The Securities and Exchange Commission charged Texas resident William Neil “Doc” Gallagher — the self-styled “Money Doctor” featured on three Dallas-area radio stations — in an emergency action to shut down a $19.6 million Ponzi scheme targeting elderly investors’ retirement funds.
The SEC also charged Gallagher Financial Group and W. Neil Gallagher, Ph.D. Agency Inc., two companies that Gallagher used to carry out the scheme.
The SEC’s complaint alleged that Gallagher made frequent religious references on his radio shows to establish his standing among a target audience of retired Christian investors. He repeatedly solicited listeners to call Gallagher Financial Group to schedule personal meetings with him to discuss retirement planning and obtain advice about risk-free income.
From December 2014 through January 2019, he raised at least $19.6 million from approximately 60 investors — ranging in age from 62 to 91.
Falsely claiming to be a licensed investment advisor, he offered an investment that he called a Diversified Growth and Income Strategy Account, and promised guaranteed, risk-free returns in their accounts ranging from 5% to 8% per year.
According to the SEC, Gallagher promised to acquire income-generating assets for his clients in five specified categories: U.S. Treasury securities, publicly traded stock, fixed indexed annuities, life settlements and mutual fund shares. In reality, except for one $75,000 annuity purchase, Gallagher purchased no assets in any of the five categories and no other assets to back the promised returns.
Instead, he exhausted virtually all investor funds on spending unrelated to the accounts. He used at least $5.8 million to make monthly Ponzi payments to investors. He also directly misappropriated investor funds, including nearly $3.2 million to pay personal expenses, payroll and radio expenses to attract new investors.
Despite raising at least $19.6 million — and as much as $29.2 million — from investors, the Gallagher-controlled bank accounts held a combined balance of only $821,951 as of Jan. 31, 2019.
To lull investors and conceal the scheme, Gallagher provided investors phony account statements showing false account balances.

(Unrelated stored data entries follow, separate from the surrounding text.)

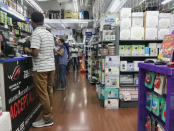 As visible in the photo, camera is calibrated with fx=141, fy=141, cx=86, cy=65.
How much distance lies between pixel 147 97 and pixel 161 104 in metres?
0.34

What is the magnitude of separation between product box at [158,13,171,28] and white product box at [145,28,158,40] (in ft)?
0.58

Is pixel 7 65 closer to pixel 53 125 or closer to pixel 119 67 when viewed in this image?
pixel 53 125

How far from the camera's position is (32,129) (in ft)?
8.07

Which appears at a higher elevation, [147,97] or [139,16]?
[139,16]

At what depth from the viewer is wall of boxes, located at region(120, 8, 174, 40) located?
3.18 meters

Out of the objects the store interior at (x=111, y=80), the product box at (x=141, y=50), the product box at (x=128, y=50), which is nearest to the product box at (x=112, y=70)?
the store interior at (x=111, y=80)

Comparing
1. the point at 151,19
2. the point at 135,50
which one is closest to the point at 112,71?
the point at 135,50

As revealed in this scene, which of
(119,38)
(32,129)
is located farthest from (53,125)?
(119,38)

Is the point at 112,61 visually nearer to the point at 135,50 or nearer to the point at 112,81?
the point at 112,81

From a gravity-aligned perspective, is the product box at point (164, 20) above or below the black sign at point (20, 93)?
above

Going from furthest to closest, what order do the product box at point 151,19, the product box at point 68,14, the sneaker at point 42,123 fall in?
the product box at point 68,14 → the product box at point 151,19 → the sneaker at point 42,123

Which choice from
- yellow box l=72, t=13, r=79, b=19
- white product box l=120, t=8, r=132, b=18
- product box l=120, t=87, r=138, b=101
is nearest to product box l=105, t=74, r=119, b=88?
product box l=120, t=87, r=138, b=101

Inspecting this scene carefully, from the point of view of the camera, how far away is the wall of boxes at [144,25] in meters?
3.18

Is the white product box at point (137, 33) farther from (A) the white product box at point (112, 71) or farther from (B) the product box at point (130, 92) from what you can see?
(B) the product box at point (130, 92) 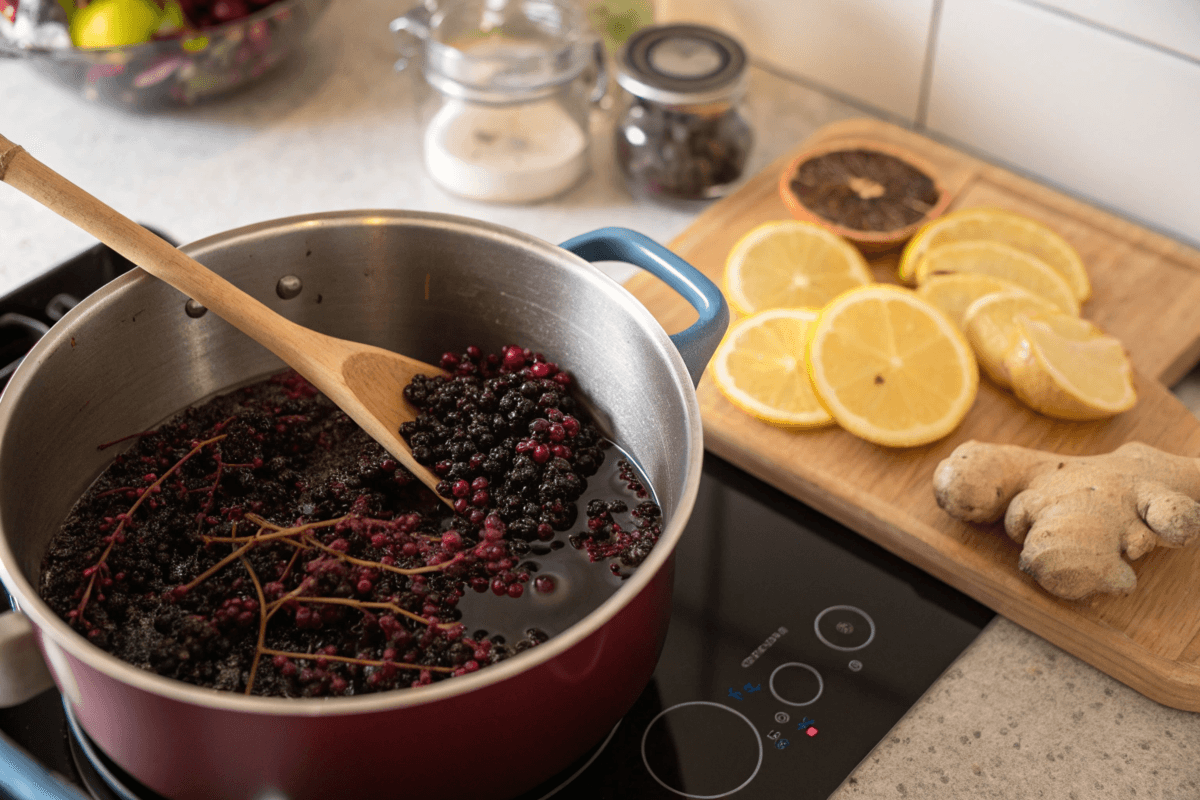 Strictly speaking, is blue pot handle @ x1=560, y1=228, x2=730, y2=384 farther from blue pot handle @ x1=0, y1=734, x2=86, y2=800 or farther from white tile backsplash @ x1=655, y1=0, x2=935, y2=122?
white tile backsplash @ x1=655, y1=0, x2=935, y2=122

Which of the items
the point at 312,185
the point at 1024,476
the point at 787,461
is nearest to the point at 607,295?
the point at 787,461

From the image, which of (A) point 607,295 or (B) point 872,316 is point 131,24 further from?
(B) point 872,316

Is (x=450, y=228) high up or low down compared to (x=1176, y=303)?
up

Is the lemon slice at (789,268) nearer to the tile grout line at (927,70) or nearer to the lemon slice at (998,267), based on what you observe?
the lemon slice at (998,267)

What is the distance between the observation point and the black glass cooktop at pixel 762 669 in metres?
0.81

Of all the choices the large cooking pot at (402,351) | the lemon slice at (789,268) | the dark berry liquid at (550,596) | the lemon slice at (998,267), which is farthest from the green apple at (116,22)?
the lemon slice at (998,267)

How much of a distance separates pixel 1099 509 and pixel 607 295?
473mm

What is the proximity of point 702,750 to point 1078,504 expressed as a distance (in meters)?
0.40

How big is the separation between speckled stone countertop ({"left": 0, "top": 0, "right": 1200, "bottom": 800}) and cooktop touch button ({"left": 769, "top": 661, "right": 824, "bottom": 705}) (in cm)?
7

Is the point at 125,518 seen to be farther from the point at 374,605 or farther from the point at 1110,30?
the point at 1110,30

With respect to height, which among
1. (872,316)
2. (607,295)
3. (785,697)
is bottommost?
(785,697)

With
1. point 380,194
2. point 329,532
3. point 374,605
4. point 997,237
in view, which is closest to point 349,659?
point 374,605

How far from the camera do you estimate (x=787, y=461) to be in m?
1.05

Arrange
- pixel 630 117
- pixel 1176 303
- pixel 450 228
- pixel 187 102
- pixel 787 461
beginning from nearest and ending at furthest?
pixel 450 228 < pixel 787 461 < pixel 1176 303 < pixel 630 117 < pixel 187 102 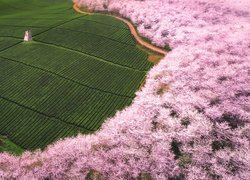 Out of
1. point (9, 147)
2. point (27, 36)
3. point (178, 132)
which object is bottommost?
point (9, 147)

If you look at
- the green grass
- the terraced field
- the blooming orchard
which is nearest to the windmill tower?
the terraced field

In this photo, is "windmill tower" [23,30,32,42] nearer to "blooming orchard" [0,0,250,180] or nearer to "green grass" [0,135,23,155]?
"blooming orchard" [0,0,250,180]

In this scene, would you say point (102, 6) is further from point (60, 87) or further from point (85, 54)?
point (60, 87)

A judge entered orders at the SEC’s request, freezing Gallagher and his companies’ assets and placing them into receivership and temporarily enjoining the defendants from further violations. The SEC is seeking preliminary, permanent and conduct-based injunctions as well as disgorgement, prejudgment interest and civil penalties against the defendants.
In a related case, the Dallas County District Attorney’s Office obtained an indictment against Gallagher for securities fraud and other criminal charges stemming from the scheme. Gallagher was arrested on those charges, which remain pending.

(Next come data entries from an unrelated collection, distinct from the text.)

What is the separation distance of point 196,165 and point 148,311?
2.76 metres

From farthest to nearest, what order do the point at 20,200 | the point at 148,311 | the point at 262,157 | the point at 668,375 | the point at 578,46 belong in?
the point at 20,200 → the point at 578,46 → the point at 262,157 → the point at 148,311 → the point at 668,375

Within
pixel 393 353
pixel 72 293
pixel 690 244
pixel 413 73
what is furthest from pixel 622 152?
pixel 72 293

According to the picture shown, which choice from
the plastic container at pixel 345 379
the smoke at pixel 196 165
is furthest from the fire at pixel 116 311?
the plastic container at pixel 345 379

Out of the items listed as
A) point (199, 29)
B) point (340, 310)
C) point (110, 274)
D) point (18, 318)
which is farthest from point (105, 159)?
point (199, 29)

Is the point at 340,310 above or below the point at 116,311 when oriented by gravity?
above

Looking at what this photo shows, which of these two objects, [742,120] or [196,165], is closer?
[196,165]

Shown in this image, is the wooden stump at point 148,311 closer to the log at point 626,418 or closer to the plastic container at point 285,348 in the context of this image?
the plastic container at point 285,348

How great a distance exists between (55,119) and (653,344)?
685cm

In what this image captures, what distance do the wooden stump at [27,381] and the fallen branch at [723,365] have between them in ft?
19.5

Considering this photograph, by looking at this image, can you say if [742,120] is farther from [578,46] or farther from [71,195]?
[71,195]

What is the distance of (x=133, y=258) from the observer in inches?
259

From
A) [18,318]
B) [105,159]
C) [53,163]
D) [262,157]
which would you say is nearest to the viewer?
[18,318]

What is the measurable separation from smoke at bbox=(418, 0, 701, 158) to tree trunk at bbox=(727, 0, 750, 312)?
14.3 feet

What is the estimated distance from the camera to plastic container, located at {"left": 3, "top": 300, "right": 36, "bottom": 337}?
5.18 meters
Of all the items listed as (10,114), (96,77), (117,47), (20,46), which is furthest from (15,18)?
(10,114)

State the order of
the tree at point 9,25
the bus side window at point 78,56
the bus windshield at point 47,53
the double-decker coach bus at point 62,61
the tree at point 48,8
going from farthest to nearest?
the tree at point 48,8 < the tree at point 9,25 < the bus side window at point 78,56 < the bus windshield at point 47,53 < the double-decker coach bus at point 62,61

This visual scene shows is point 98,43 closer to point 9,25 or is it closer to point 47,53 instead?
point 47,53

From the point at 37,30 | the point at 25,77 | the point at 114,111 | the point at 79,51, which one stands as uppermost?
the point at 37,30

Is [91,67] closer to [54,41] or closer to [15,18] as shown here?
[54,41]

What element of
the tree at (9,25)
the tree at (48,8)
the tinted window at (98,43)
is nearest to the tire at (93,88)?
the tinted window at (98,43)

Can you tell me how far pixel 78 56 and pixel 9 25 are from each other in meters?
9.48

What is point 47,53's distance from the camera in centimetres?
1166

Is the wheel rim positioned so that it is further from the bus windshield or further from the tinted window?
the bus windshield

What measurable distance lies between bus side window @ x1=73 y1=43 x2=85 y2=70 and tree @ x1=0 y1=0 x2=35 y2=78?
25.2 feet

Wedbush Fined for Failure to Supervise
Wedbush Securities Inc. will pay a $250,000 penalty and has agreed to be censured to settle its failure to supervise charge in a pending administrative proceeding, according to an announcement from the SEC.
According to the SEC’s order instituting proceedings, Wedbush ignored numerous red flags indicating that one of its registered representatives was involved in a long-running pump-and-dump scheme targeting retail investors. Wedbush conducted two flawed and insufficient investigations into the registered representative’s conduct, and failed to take appropriate action, the SEC said.
The settlement acknowledges remedial measures taken by Wedbush since March 2018, including changes made to senior leadership, revised policies and procedures, improved electronic surveillance, and the allocation of additional resources to internal and audit controls groups.